Beating Big Coal at the Grass Roots

It's not a hope or a plan - it's a victory. Or rather hundreds of local victories, giving Big Coal and Big Power a death by a thousand cuts.

From The Nation:

Bloomberg’s gift will help the Sierra Club build on the biggest victory against climate change scored to date in the United States: the de facto moratorium on new coal plants achieved in recent years by local activists working under the banner of the club’s “Beyond Coal” campaign. “Since we began targeting coal in 2003, we have blocked 153 planned coal plants from being built,” Brune told The Nation. “Since January 2010, we’ve shut down ninety-one existing plants. Closing those ninety-one existing plants alone will prevent 114 million tons of carbon dioxide equivalent from entering the atmosphere, which is about the same as taking 20 million cars off the road.”

With Bloomberg’s help, the Beyond Coal campaign now hopes to “revoke the social license for burning coal in this country, just like the social license for smoking cigarettes was revoked,” said Brune. Although many progressives have criticisms of Bloomberg—in fact, Brune notes, the local Sierra Club chapter did not endorse him when he ran for a third term as mayor two years ago—Bloomberg makes a logical partner for such an effort. As mayor, he has championed high-profile initiatives to ban cigarette smoking and slash greenhouse gas emissions. “Some things a modern society can move beyond,” Brune argued. “We don’t cut down old-growth redwood trees anymore to make decking material, and we don’t need to burn coal to keep our iPhones charged.”

SNIP

Both the tar sands civil disobedience and the redoubled attack against coal represent a departure from the tactics and strategies the environmental movement as a whole has pursued since Barack Obama’s election in 2008. Environmental groups spent over $100 million (some estimates run as high as $300 million) urging Congress and the administration to pass climate legislation and lead international efforts to sign an ambitious agreement limiting greenhouse gas emissions. Most of the effort was focused on inside-the-Beltway lobbying and closed-door meetings rather than on rallying popular support out in the country, and it failed miserably. By contrast, the Beyond Coal and tar sands campaigners believe that only grassroots people power can overcome corporate and right-wing resistance and secure real progress against climate change.

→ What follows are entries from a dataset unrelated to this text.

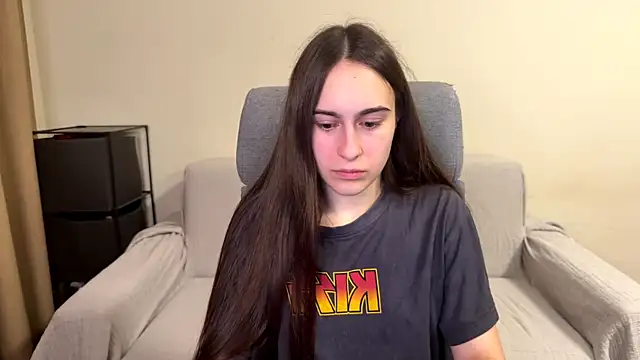 AliceKolltt online show from June 2026 09:31:01 PM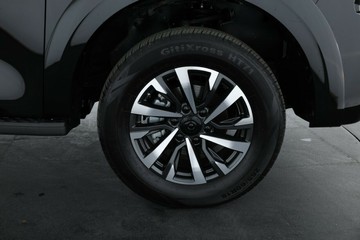 https://vehicle-cdn.autoleague.cloud/30353_61038029_4.jpg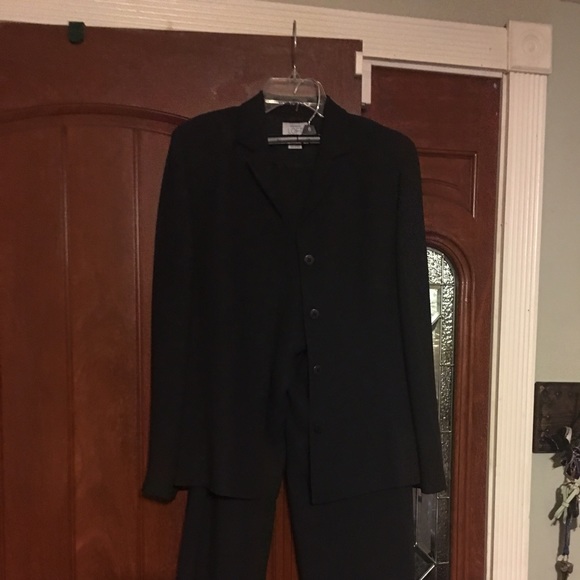 Ann Taylor Suit - Picture 1 of 1
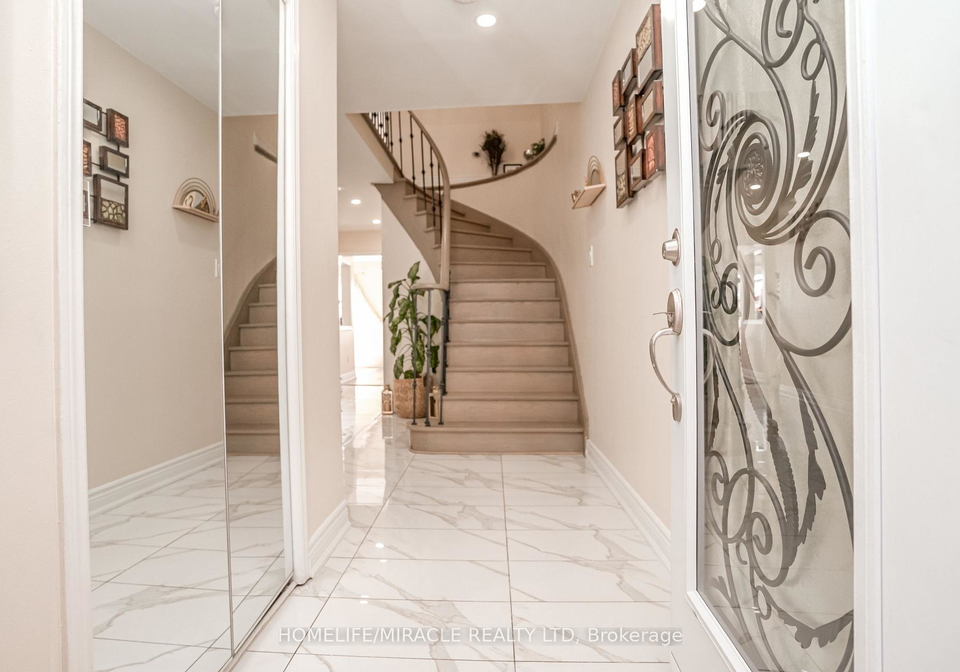 87-woodsend-run-brampton-ontario-w13507288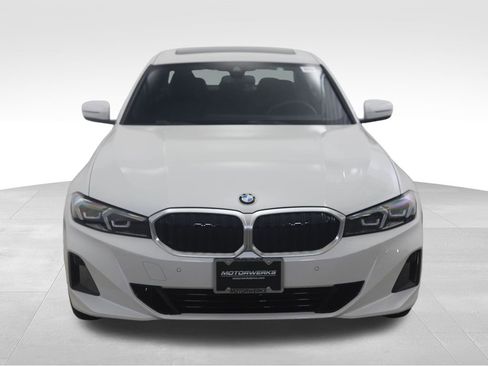Used 2025 BMW 330i xDrive Sedan w/ Convenience Package image 9
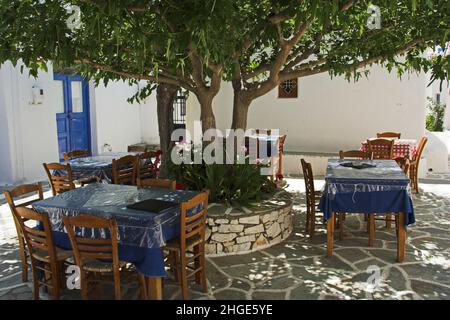 Restaurant in Lefkes auf Paros in Griechenland, Europa Stockfoto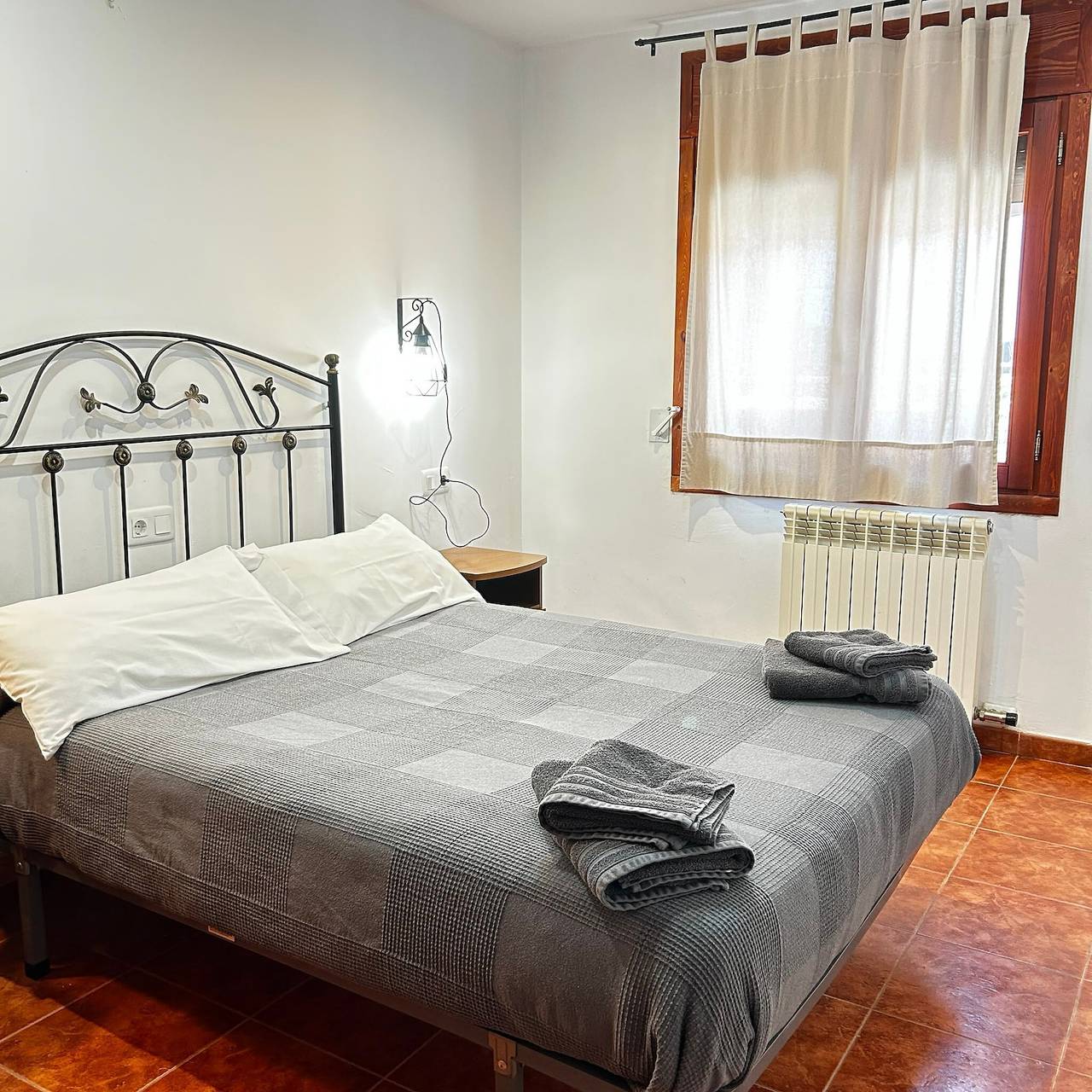 Apartamento entero, Apartamento 'Dos' con vistas a la montaña, terraza compartida y Wi-Fi in Guadalaviar, Muela de San Juan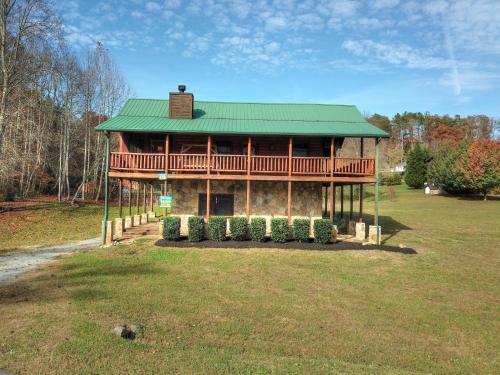 A Fishing Hole #156 By Aunt Bug's Cabin Rentals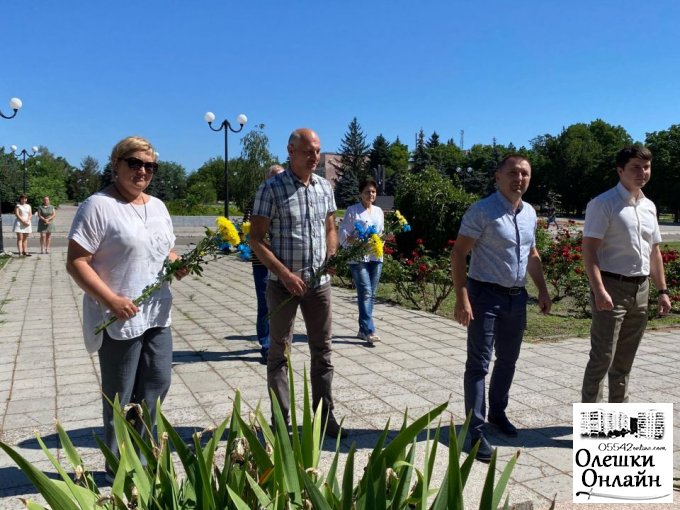 Відбулось покладання квітів з нагоди Дня Конституції України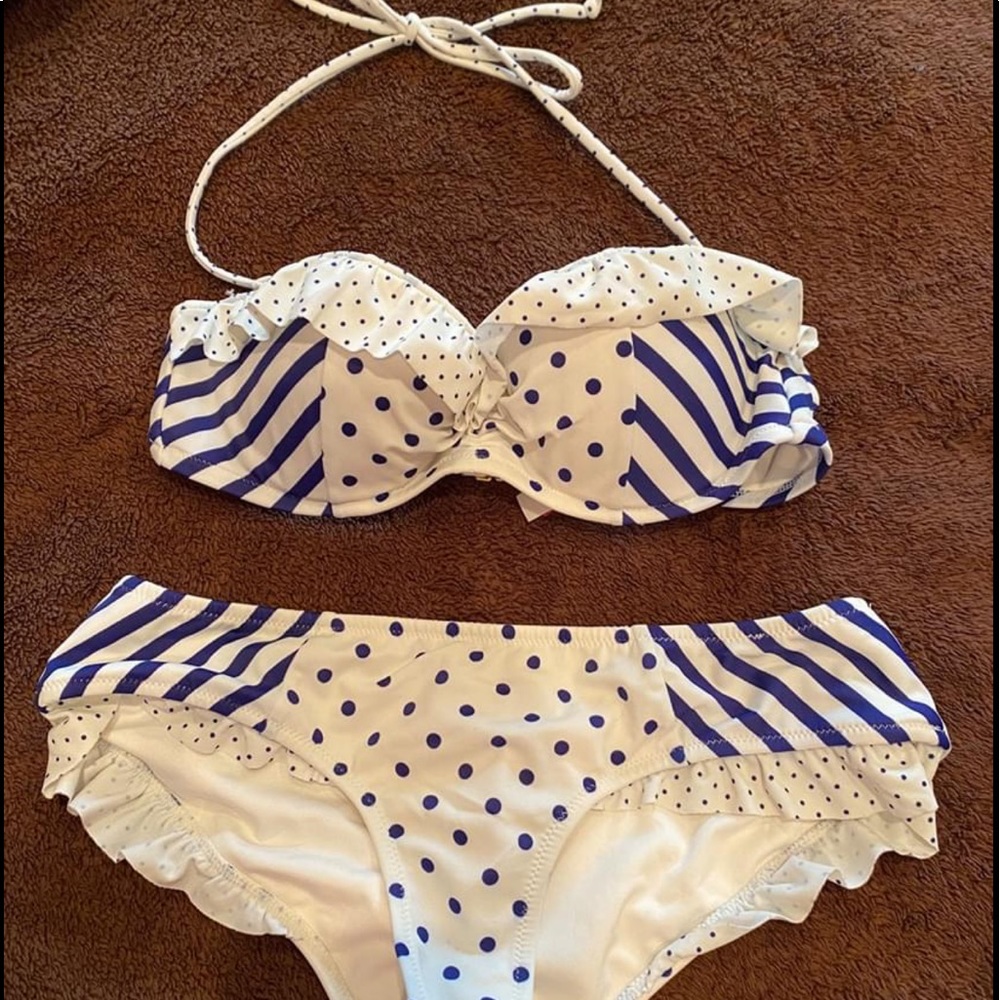 VS Swimsuits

“We learned from [the first phase of the Beyond Coal campaign] that grassroots organizing wins almost every time,” said Brune. “So we're doubling down [on that] now, putting our faith not in Congress but in the power of local communities to protect their health and planet.”

Most of Bloomberg’s $50 million, which will be dispensed over the next four years, will go to hiring more grassroots organizers. “We will have two hundred organizers waking up every day and working on nothing else but figuring out how to shut down the remaining coal plants in this country and replace them with clean energy,” said Brune. As in the first phase of the Beyond Coal campaign, organizers will work with a wide range of stakeholders—local citizens, elected officials, public health workers, faith and youth groups—“to identify the main sources of pollution in a community and then figure out how that coal plant can be shut down and keep the lights on at the same time.”

Challenging the coal industry’s main defense, Brune argues that shutting coal plants will actually save consumers money. “Clean energy, starting with energy efficiency, is cheaper than dirty energy,” said Brune, “which is why solar and wind are growing dramatically.” In Colorado, he adds, where state law requires 30 percent of electricity to come from renewable sources by 2020, the main utility company, Xcel, recently announced that it will meet that target in 2012—eight years ahead of schedule.

Liberals always find a way to effect change. If we can't get it done locally, we'll do it nationally (voting rights, the Clean Air and Clean Water Acts.) If we can't get it done nationally, we'll do it locally (renewable energy, gay rights.)